**Task prompt:** Using the records that appear below, write out exactly the lines from the one with "Ford Focus Vacuum pump" through the one with "Bright living dining", keeping both end lines.

**Record set:**
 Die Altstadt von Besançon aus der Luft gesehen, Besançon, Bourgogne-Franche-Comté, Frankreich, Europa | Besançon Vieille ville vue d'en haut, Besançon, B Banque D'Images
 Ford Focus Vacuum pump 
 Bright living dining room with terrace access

---

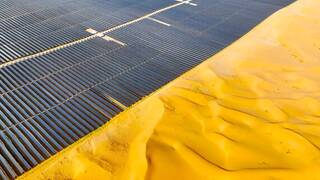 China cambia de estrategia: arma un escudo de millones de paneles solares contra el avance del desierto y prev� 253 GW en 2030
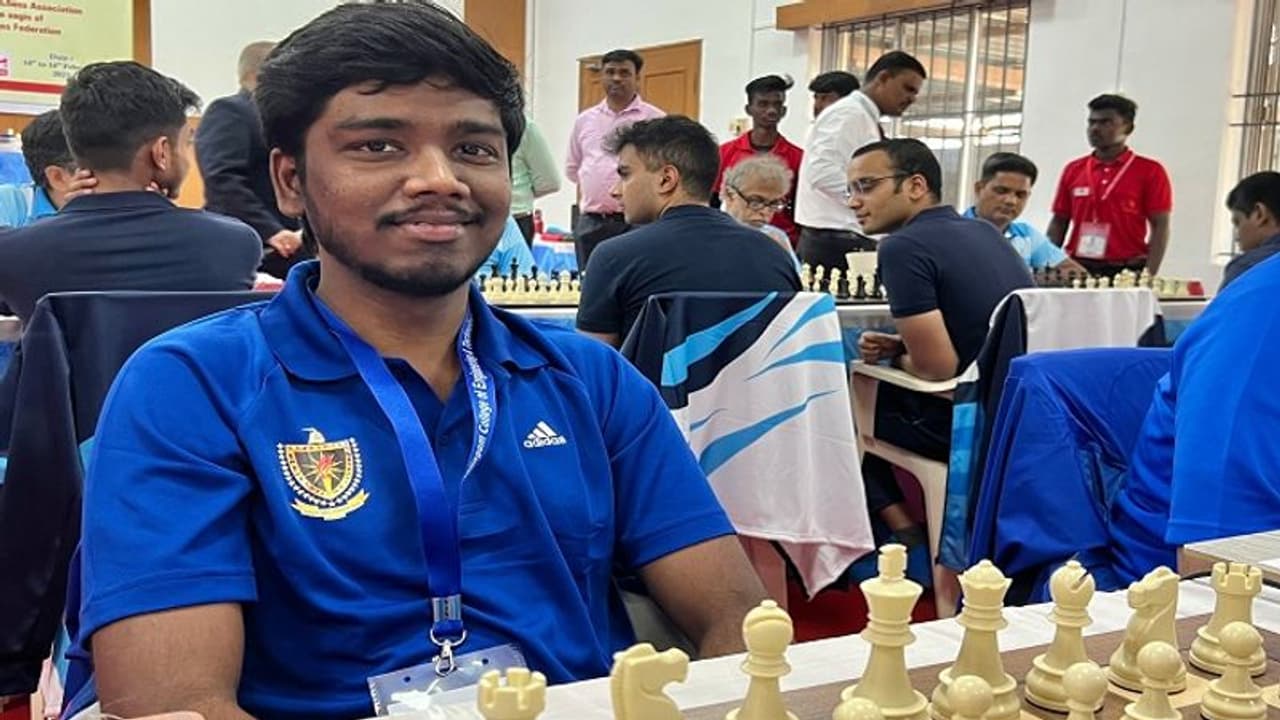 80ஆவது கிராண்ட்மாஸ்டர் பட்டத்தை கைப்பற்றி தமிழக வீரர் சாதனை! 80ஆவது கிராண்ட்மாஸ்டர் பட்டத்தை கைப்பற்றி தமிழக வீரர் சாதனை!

**Reply to the exercise:**
 Ford Focus Vacuum pump 
 Bright living dining room with terrace access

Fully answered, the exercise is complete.